Author ORCID Identifier

https://orcid.org/0000-0002-8869-8292

Date Available

8-2-2027

Year of Publication

2025

Document Type

Doctoral Dissertation

Degree Name

Doctor of Philosophy (PhD)

College

Medicine

Department/School/Program

Toxicology and Cancer Biology

Faculty

Xiaoqi Liu

Faculty

Isabel Mellon

Abstract

Prostate cancer (PCa) remains one of the most prevalent malignancies and a leading cause of cancer-related death among men worldwide. Standard treatments targeting the androgen receptor (AR) pathway, including the second-generation AR inhibitor enzalutamide (ENZ), are initially effective in patients with castration-resistant prostate cancer (CRPC). However, resistance to ENZ frequently emerges, limiting its long-term efficacy. To address this challenge, we performed an FDA-approved drug screen. We identified artesunate (ART)—a semi-synthetic derivative of artemisinin and an anti-malarial agent—as a promising candidate to overcome ENZ resistance. Mechanistically, ART promotes the degradation of c-Myc, a transcription factor implicated in drug resistance, thereby restoring sensitivity to ENZ. Analysis of patient datasets further confirmed the clinical relevance of c-Myc in ENZ resistance. These findings support the potential repurposing of ART as part of a novel therapeutic strategy for ENZ-resistant prostate cancer.

In addition, we investigated the role of Polo-like kinase 1 (PLK1), a serine/threonine kinase and key regulator of cell division, in inflammation-associated colon cancer. Although PLK1 is typically overexpressed in tumors and associated with oncogenic processes, its function in the colon, particularly in the context of inflammation, remains unclear. Using both human IBD samples and DSS-treated mice, we observed elevated PLK1 expression in inflamed colonic tissues. In the AOM/DSS mouse model of colitis-associated colon cancer, we found that reduced PLK1 expression exacerbated inflammation and increased tumor burden, indicating a protective role. Further analysis revealed that PLK1 negatively regulates neutrophil infiltration and modulates key pathways involved in intestinal stem cell proliferation and differentiation. These results demonstrate a non-canonical, anti-inflammatory function of PLK1 in suppressing colitis-driven tumorigenesis.

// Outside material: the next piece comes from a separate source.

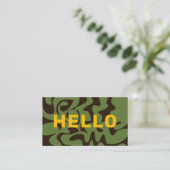 QR Code Groovy Goud Bruin Leger Groen Squiggles Visitekaartje (Staand voorkant)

Together, this body of work highlights two complementary therapeutic strategies: repurposing ART to enhance prostate cancer treatment and the role of PLK1 to mitigate inflammation-associated colon cancer. These findings offer new insights into overcoming drug resistance and controlling inflammation-driven tumorigenesis.

Digital Object Identifier (DOI)

https://doi.org/10.13023/etd.2025.276

Funding Information

National Cancer Institute [R01 CA256893, R01 CA264652, R01 CA157429, R01 CA272483, P30 CA177558, R01CA266579]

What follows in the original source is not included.